**WORK TO BE COMPLETED**. Exactly the lines from the one containing "Textilummanteltes Stromkabel 2×0,75 mm²" through the one containing "Franklin Tote Bag in Gray" in the listing below are to be copied, with the pictures left out.

**TASK INPUTS**.

◆ ◆ ◆ ◆ ◆ ◆ ◆

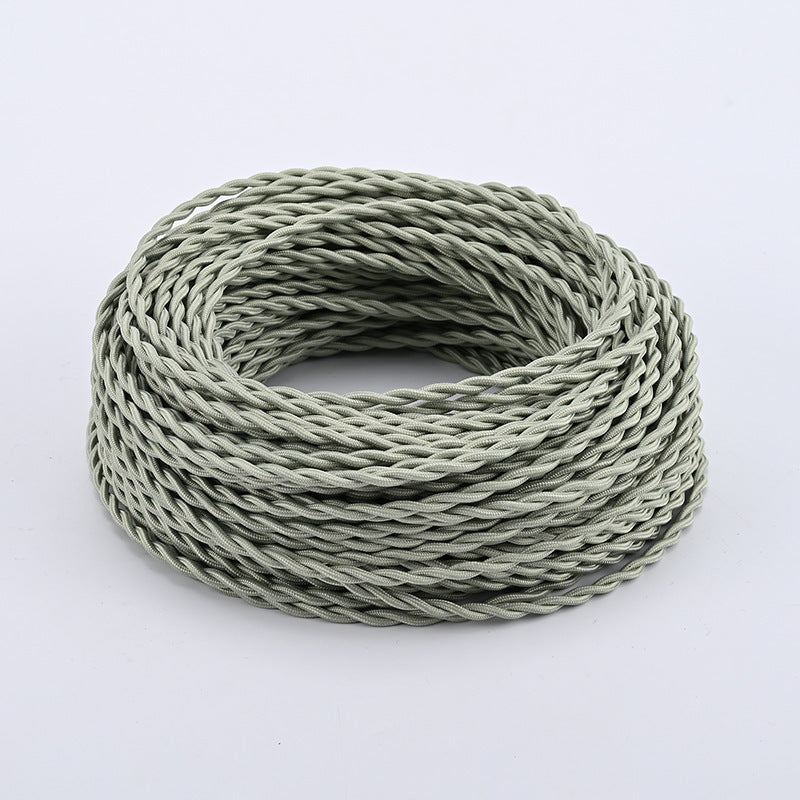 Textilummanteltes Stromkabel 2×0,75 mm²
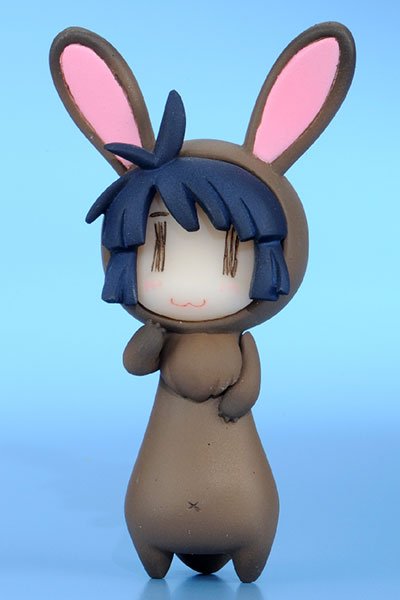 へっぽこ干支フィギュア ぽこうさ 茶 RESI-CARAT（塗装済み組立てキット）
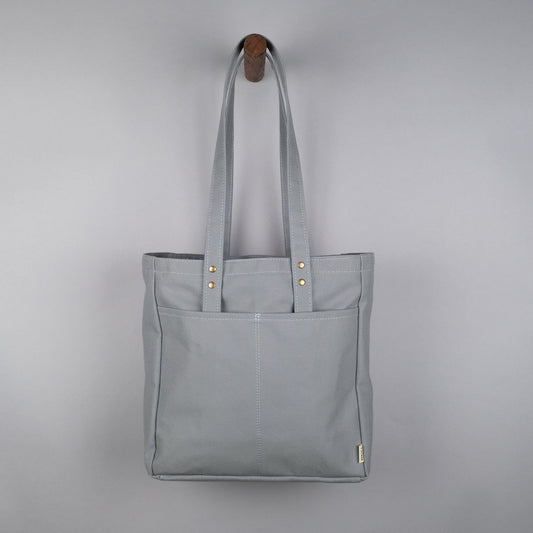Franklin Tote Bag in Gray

◆ ◆ ◆ ◆ ◆ ◆ ◆

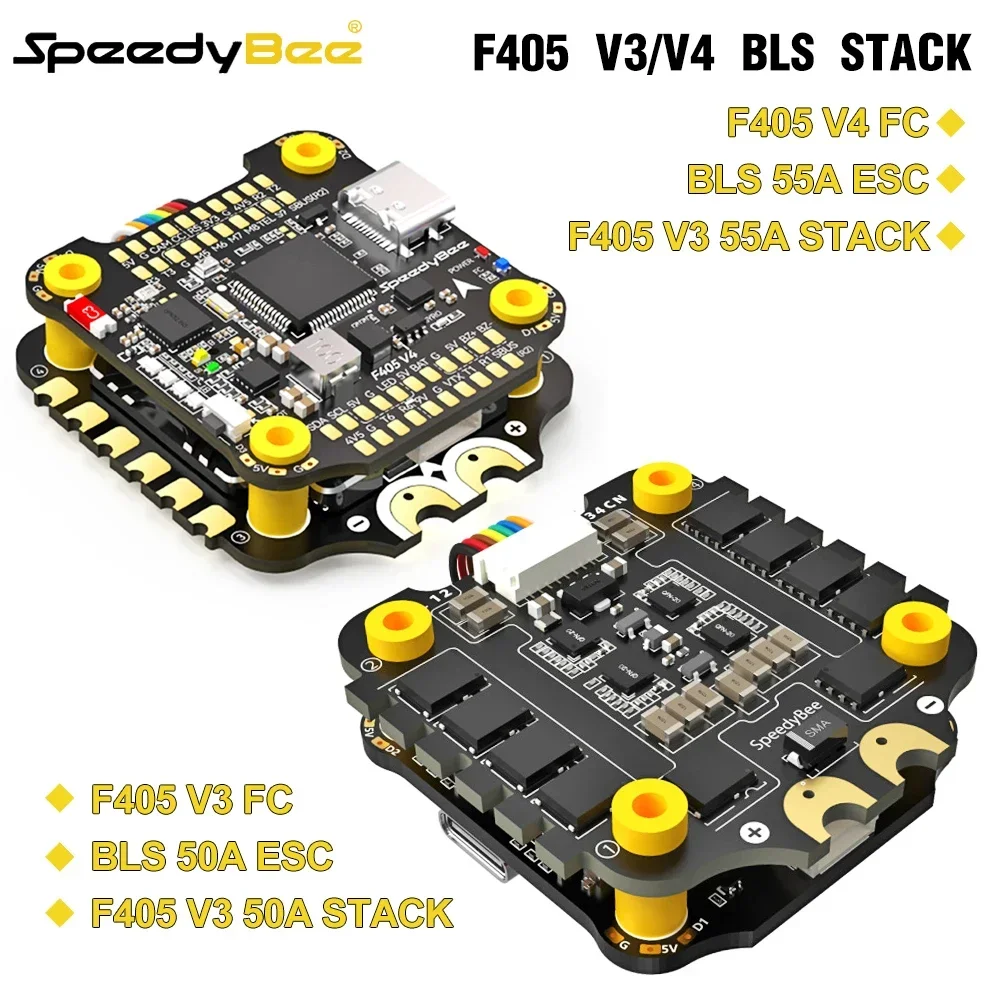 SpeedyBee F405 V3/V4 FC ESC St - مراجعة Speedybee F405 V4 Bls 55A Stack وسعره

◆ ◆ ◆ ◆ ◆ ◆ ◆

**EXPECTED ANSWER**.
 Textilummanteltes Stromkabel 2×0,75 mm²
 へっぽこ干支フィギュア ぽこうさ 茶 RESI-CARAT（塗装済み組立てキット）
Franklin Tote Bag in Gray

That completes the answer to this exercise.